Document:Britain’s secret state
British prime minister Tony Blair
shakes hands with then US president
George W Bush after addressing
the media at the White House
Washington DC on 17 May 2007.
Britain’s secret state and the need for whistle-blowing explained by 2003 Iraq War whistleblower Katherine Gun |
Subjects: National security, Official Secrets Act 1989
Source: Declassified UK (Link)
Katharine Gun is a former linguist and analyst at Britain’s GCHQ intelligence agency and an Iraq war whistle-blower. Her act of whistle-blowing is portrayed in the film Official Secrets
★ Start a Discussion about this document
Britain’s secret state and the need for whistle-blowing
In November 2003, I was charged with a breach of the Official Secrets Act in the UK. My ‘crime’ had been to reveal an email from the US National Security Agency (NSA) to Britain's intelligence agency, the Government Communications Headquarters (GCHQ) where I was working at the time.
The email, which arrived on 31 January 2003, specified a US operation to target the home and office communications of six foreign diplomats on the UN Security Council. The purpose was to use the information gathered to strong-arm those states into voting for a resolution supporting an invasion of Iraq.
I leaked this email via a contact, which then made its way to The Observer newspaper.
I believe that this operation, using intelligence for the specific purpose of garnering votes to authorise a highly contested and deeply unpopular war against Iraq, was not only illegal but also immoral.
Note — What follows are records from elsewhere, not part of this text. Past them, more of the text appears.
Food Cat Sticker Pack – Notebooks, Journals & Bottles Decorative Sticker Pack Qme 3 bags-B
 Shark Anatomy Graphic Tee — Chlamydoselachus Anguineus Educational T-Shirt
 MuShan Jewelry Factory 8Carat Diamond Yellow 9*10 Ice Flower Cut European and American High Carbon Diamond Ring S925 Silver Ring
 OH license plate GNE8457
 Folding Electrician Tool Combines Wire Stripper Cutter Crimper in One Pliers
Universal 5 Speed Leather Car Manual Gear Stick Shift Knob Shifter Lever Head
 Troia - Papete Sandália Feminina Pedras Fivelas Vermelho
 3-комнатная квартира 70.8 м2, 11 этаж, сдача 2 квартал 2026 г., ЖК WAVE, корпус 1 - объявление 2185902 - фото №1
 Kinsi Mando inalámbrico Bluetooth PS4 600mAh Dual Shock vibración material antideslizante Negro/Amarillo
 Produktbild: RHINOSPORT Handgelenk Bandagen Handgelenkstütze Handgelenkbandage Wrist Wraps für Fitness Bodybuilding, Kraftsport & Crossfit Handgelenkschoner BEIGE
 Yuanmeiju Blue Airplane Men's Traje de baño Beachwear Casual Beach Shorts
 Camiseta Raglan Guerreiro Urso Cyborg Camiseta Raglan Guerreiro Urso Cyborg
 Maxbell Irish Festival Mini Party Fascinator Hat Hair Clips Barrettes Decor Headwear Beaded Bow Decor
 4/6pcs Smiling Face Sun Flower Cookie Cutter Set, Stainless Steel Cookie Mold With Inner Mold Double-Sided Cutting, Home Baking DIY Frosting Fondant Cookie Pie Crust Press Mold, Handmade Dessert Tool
Eight months later, I was charged and faced the prospect of a two-year custodial sentence. I pleaded not guilty and my defence team requested all the legal advice from the then Attorney General Lord Goldsmith to then Prime Minister Tony Blair. Within a day of the defence team submitting this request, the charges against me were dropped.
In court, the prosecution stated that “there is no longer sufficient evidence for a realistic prospect of conviction”, adding that “it would not be appropriate to go into the reasons for this decision”.
Sixteen years later, the then prosecutor, Sir Ken McDonald, claimed that it was for “national security” reasons that the case against me was dropped.
Contents
Who defines national security?
In its own small way, my case illustrates the conflict and tensions around the issue of “national security”. I would argue that the Iraq war was not only against our national security but has been catastrophic for global security as a whole.
In fact, Lord Goldsmiths’ own legal advice at the time (prior to him changing it) was that an invasion would be illegal. The surveillance operation revealed by the NSA email was illegal under the Geneva Convention. It was in pursuit of an illegal war which has damaged our national security. Information about this issue is classified, however, and the reason for this is to do with “national security”.
National security is often the term used by government or intelligence officials to justify what they do, but who defines what it is? What is the scope of it and what are the checks and balances?
It is accepted without question as a legitimate concept, but the collective consequences of the previous two decades of invasions, bombings, rendition and torture, drone attacks, kill lists, massive surveillance, human rights violations, bulk data collection/storage/analysis and exploitation… paints a very dark picture. Do these policies provide “national security”? Are they in the “national interest”?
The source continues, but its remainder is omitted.